An improving credit profile at Equitable Holdings
admin | February 26, 2021
This document is intended for institutional investors and is not subject to all of the independence and disclosure standards applicable to debt research reports prepared for retail investors.
Spun out of AXA three years ago, Equitable Holdings Inc. (EQH) is a well-diversified standalone insurance company, specializing in individual life and retirement offerings. The biggest credit risk with EQH has traditionally been on the liability side of their legacy variable annuity portfolio with guaranteed benefits, though they are taking steps to mitigate this risk and have been establishing better risk management policies since their spin-off. Both Moody’s and S&P recently raised their outlook on EQH as the actions taken significantly improve capital adequacy. The EQH 48s offer good risk compensation in the long-end of the insurance curve.
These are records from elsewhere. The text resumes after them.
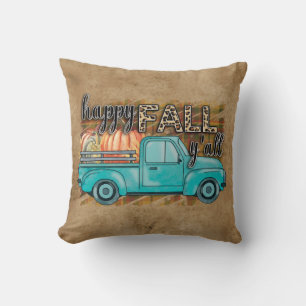 Coussin Happy Fall Y'all Pumkin Farm Throw Pillow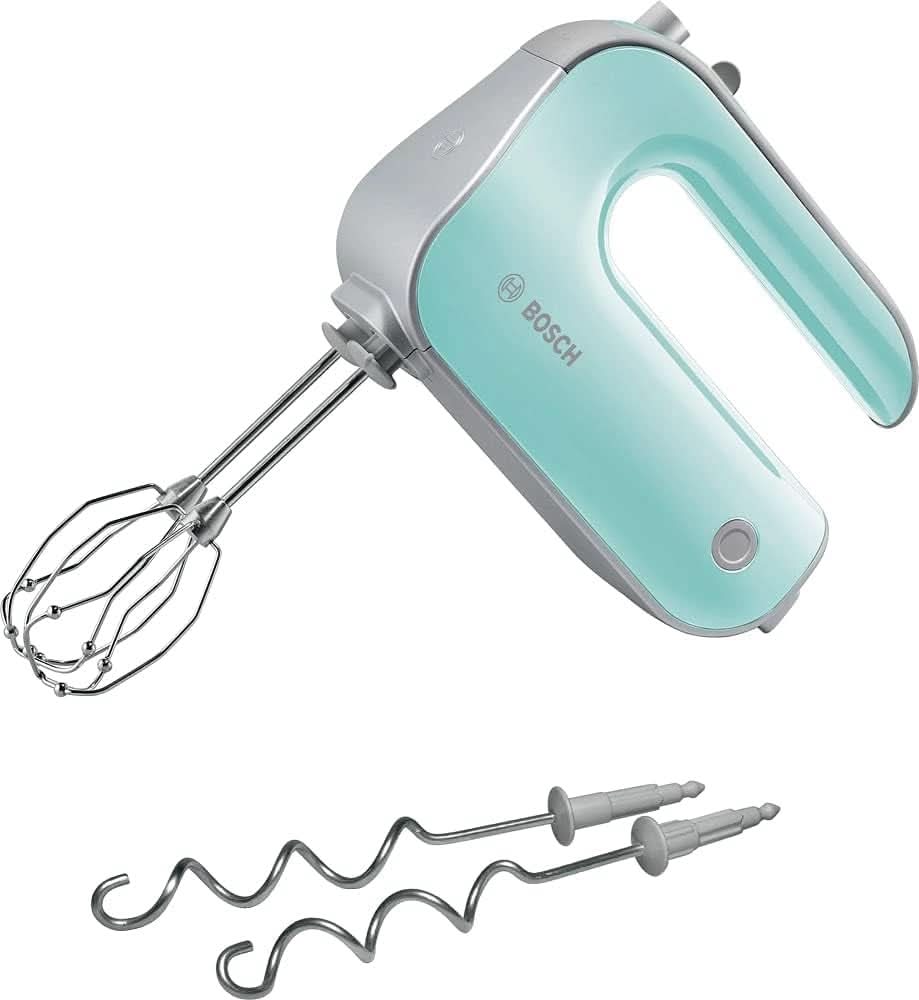 Bosch Handrührer Styline MFQ4835DE, 2X2 Rührbesen, 2 Edelstahl-Nethaken, Spülmaschinengeeignet, 575 W, Weiß Kitchen Naty Shop Mint türkiz/ezüst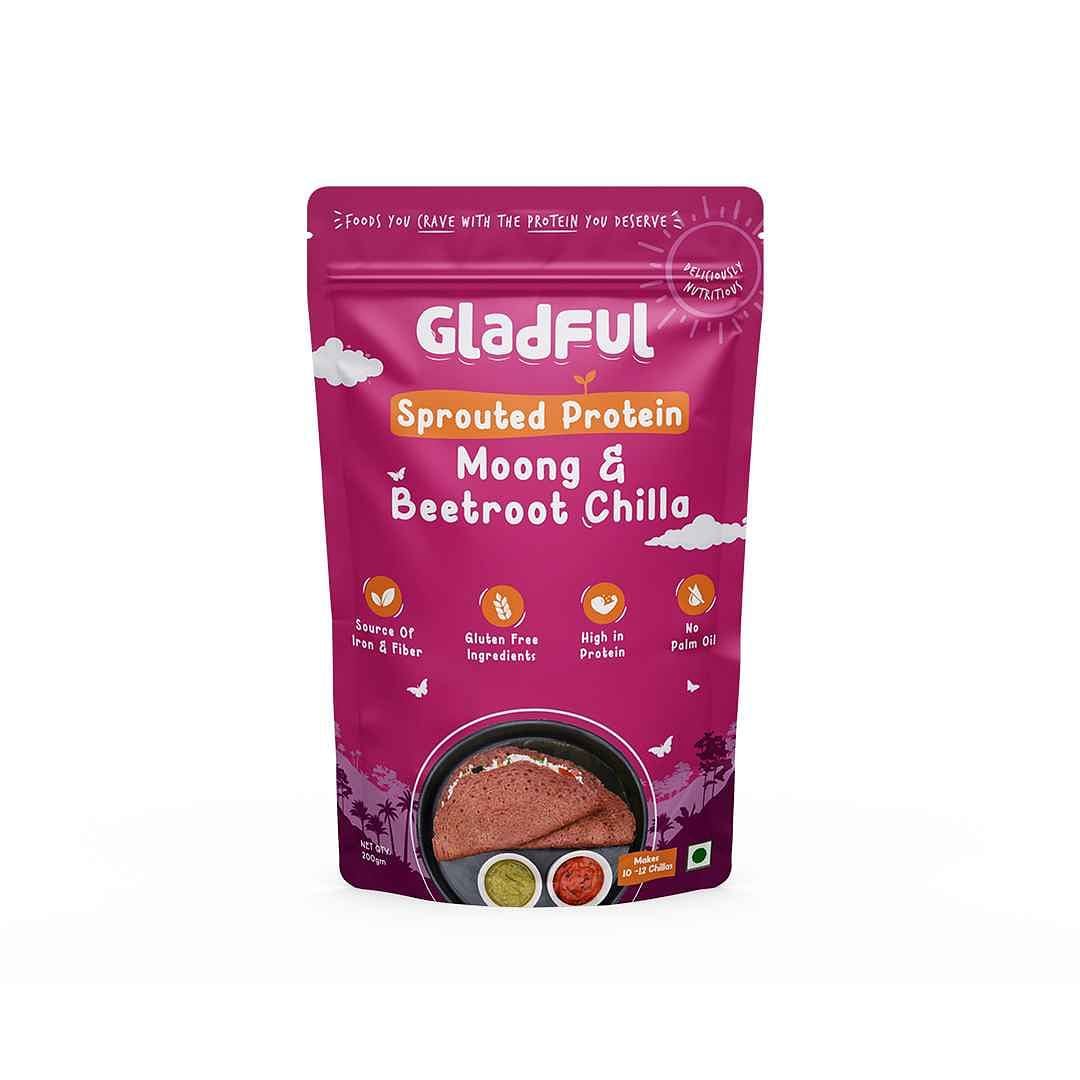 Gladful Sprouted Chilla Beetroot Sprouted Moong Instant Mix - 200g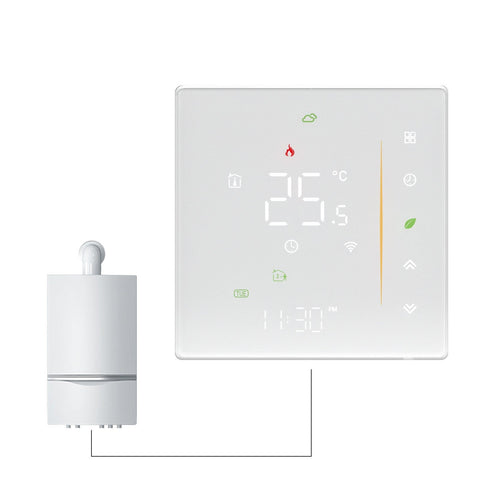 Modern white smart thermostat displaying 25.5°C with various icons and digital clock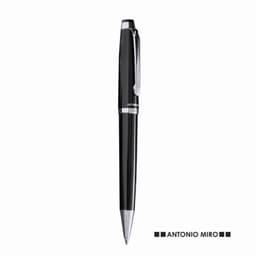 A black pen with a silver clip and tip, featuring a branding logo on the barrel.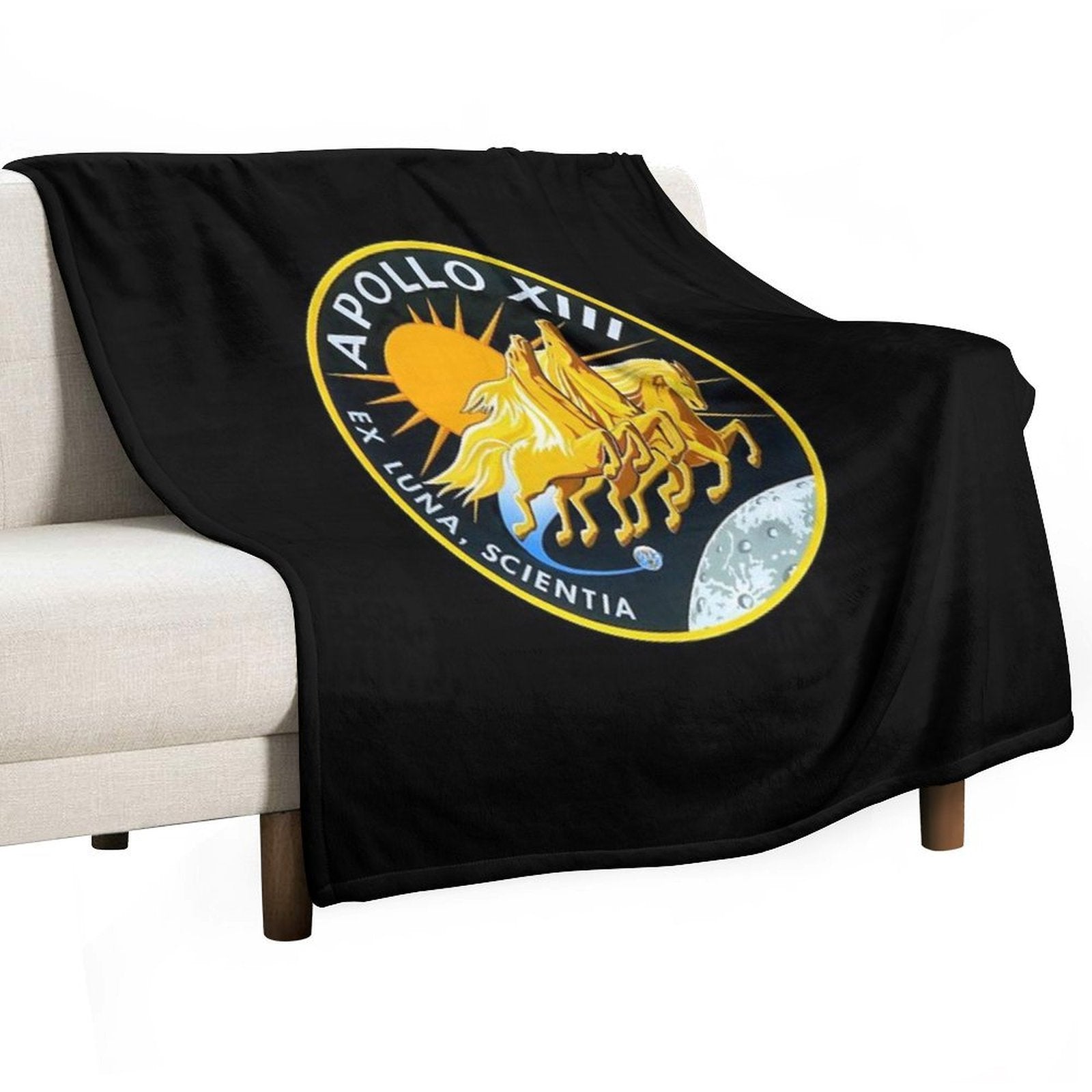 Apollo 13 Mission Patch Plush Throw Blanket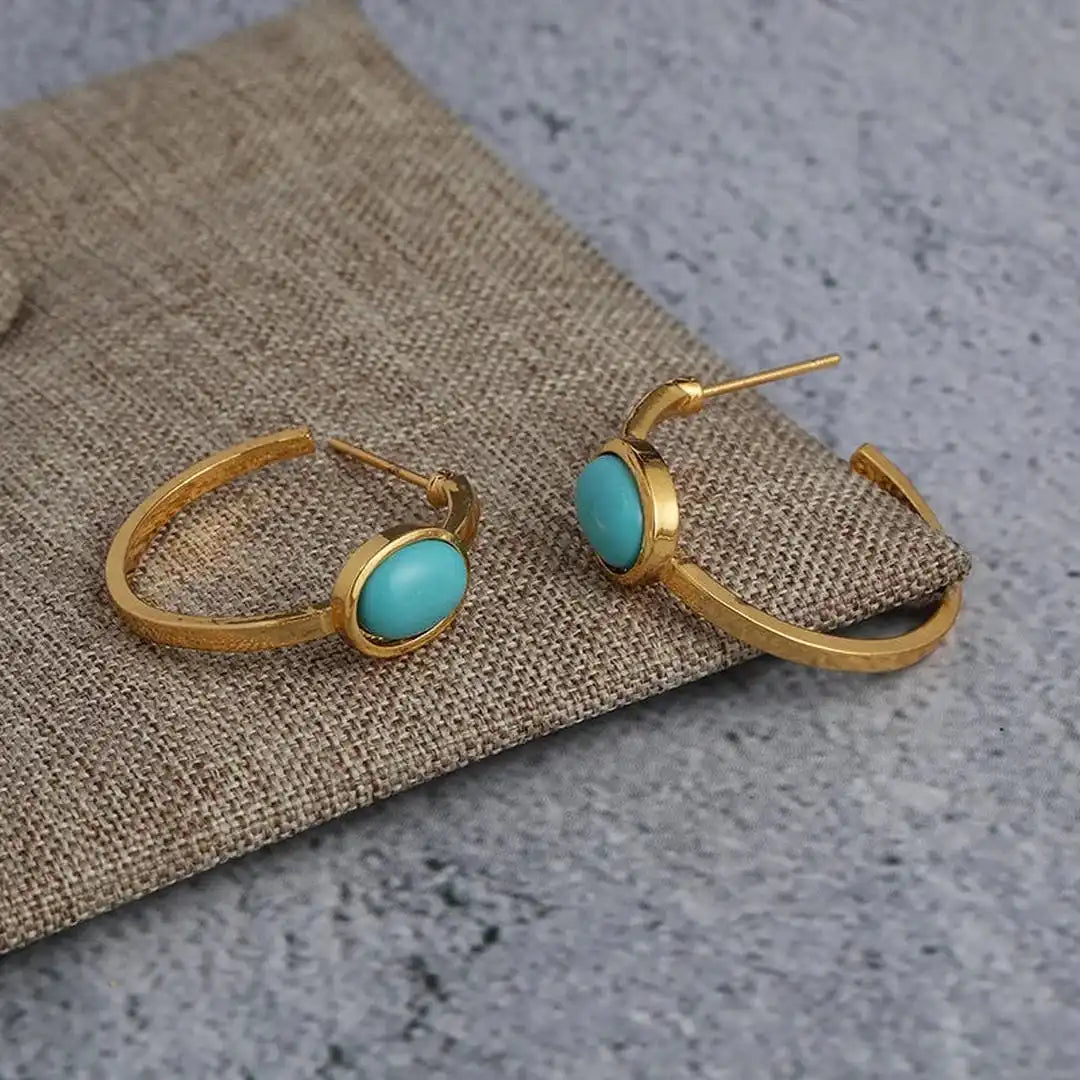 Golden Turquoise Oval Hoop Earrings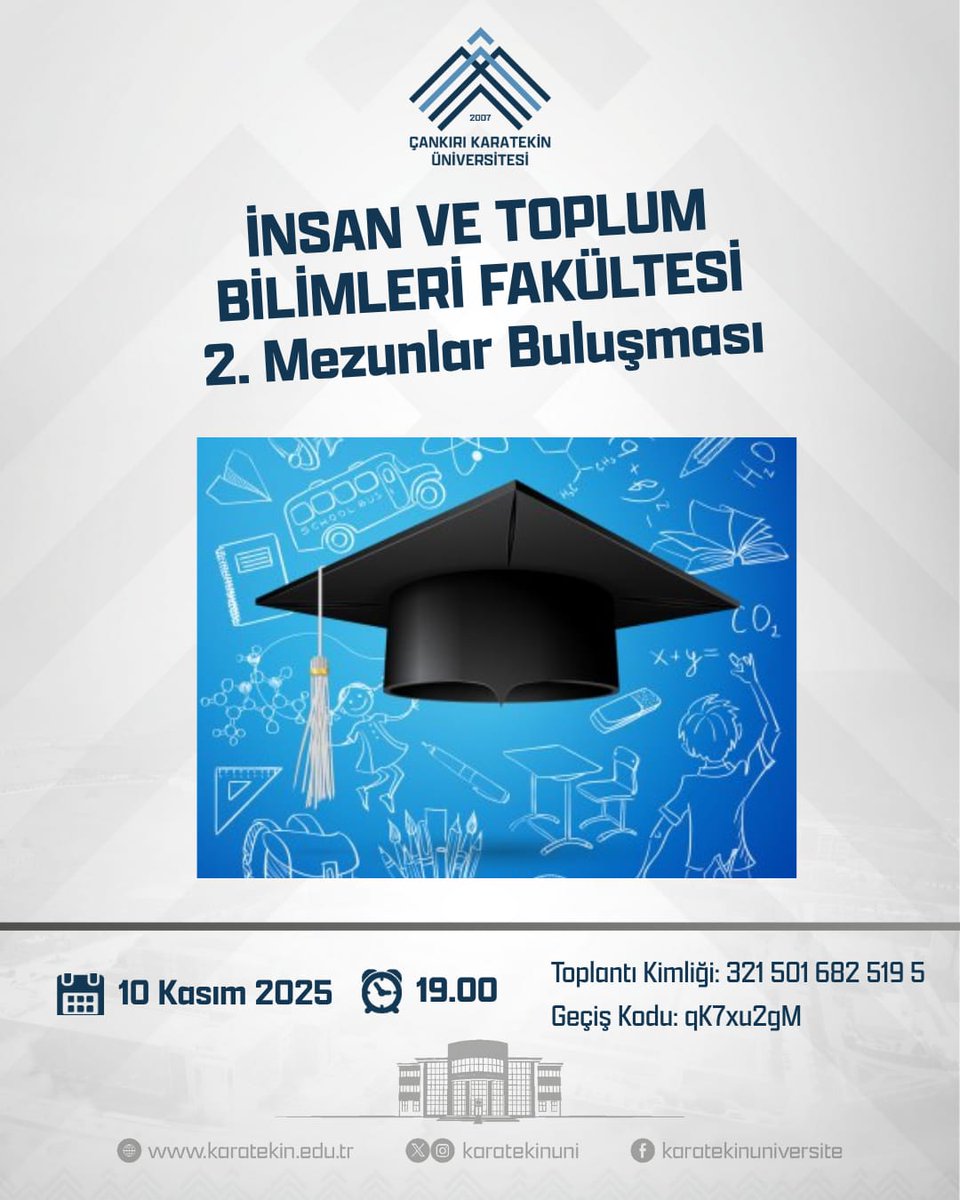 CAKUEdebiyat's tweet photo. İTBF 2. MEZUNLAR BULUŞMASI

Fakültemizin ikinci çevrimiçi mezun buluşması 10 Kasım 2025, Pazartesi günü saat 19:00`da yapılacaktır. Tüm mezunlarımız ve öğrencilerimiz davetlidir. https://t.co/yKTvn6IrrA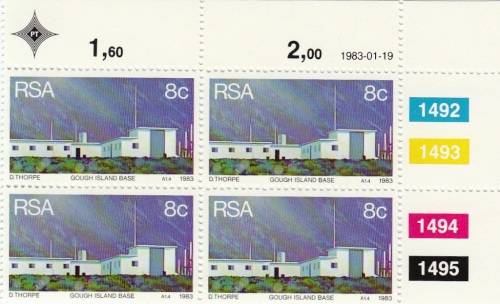 RSA 1983: WEATHER STATIONS FULL SET CONTROL BLOCKS OF 4 MNH (SACC 541-544)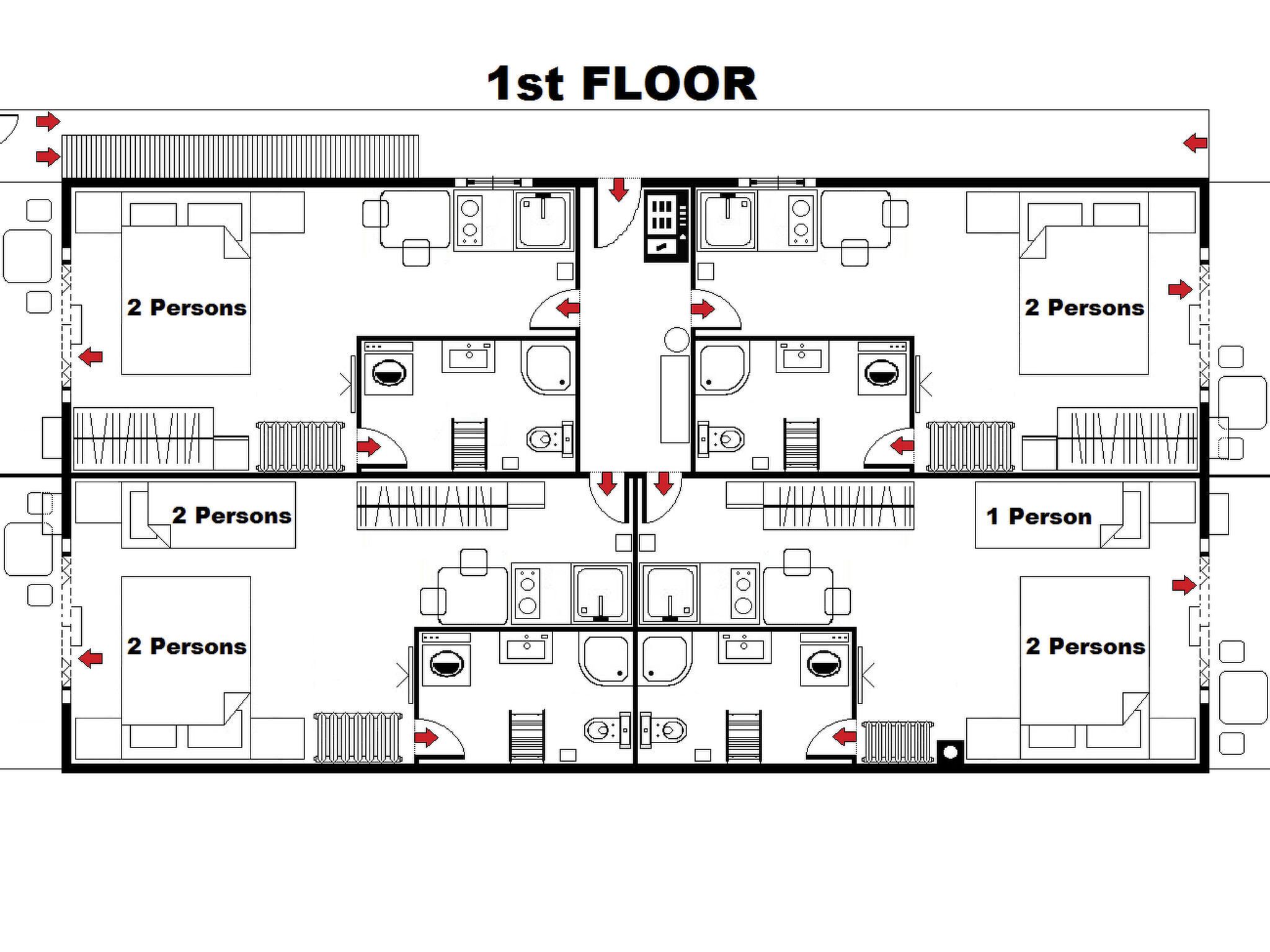 A 1st floor layout with 2-person rooms and a 1-person room, featuring kitchenettes and separate bathrooms.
Exhibit 1: EQH vs investment grade life insurance comps
Source: Amherst Pierpont Securities, Bloomberg/TRACE Indications
EQH 5.0% 04/20/48 @ +131 10-year; ~G+136; 3.63%; $123.19
Amount outstanding: $1.50 billion
Senior holding company rating: Baa2/POS, BBB+/Stable
Insurance financial strength rating: A2/POS, A+/Stable
- The company is among the top competitors in variable universal life and variable annuities. EQH is well-capitalized at the AA level by the rating agencies, and maintains solid risk-based capital metrics.
- EQH recently had its outlook raised to positive from stable at Moody’s and to stable from negative at S&P following its announcement of a variable annuity transaction to transfer risk to Venerable, which will reinsure $12 billion of reserves of the variable annuities. The rating agencies view this transfer as a significant improvement in EQH’s capital adequacy. The transaction is scheduled to close in the second quarter of 2021. Management anticipates the transaction will reduce risk in the portfolio by 64%.
- EQH just reported earnings on 2/23/21, recording a sizable beat on earnings expectations. 4Q20 adjusted operating EPS was $1.65 versus the analysts’ consensus estimate of $1.21, a 20% increase over the prior year. The company booked a small operating loss of $59 million in the quarter, an improvement over 4Q19 on lower operating expenses. Assets under management reached a record of $809 billion as of year-end, which represented a 10% increase over the prior year.
EQH has a solid liquidity profile. The company has $8.7 billion in cash on the balance sheet as of 3Q20, plus its entire $2.725 billion credit facility through 2023 and an additional $600 million facility through 2024. There are no other maturities due prior to 2023, when $1 billion is coming due through parent debt and FA-backed maturities.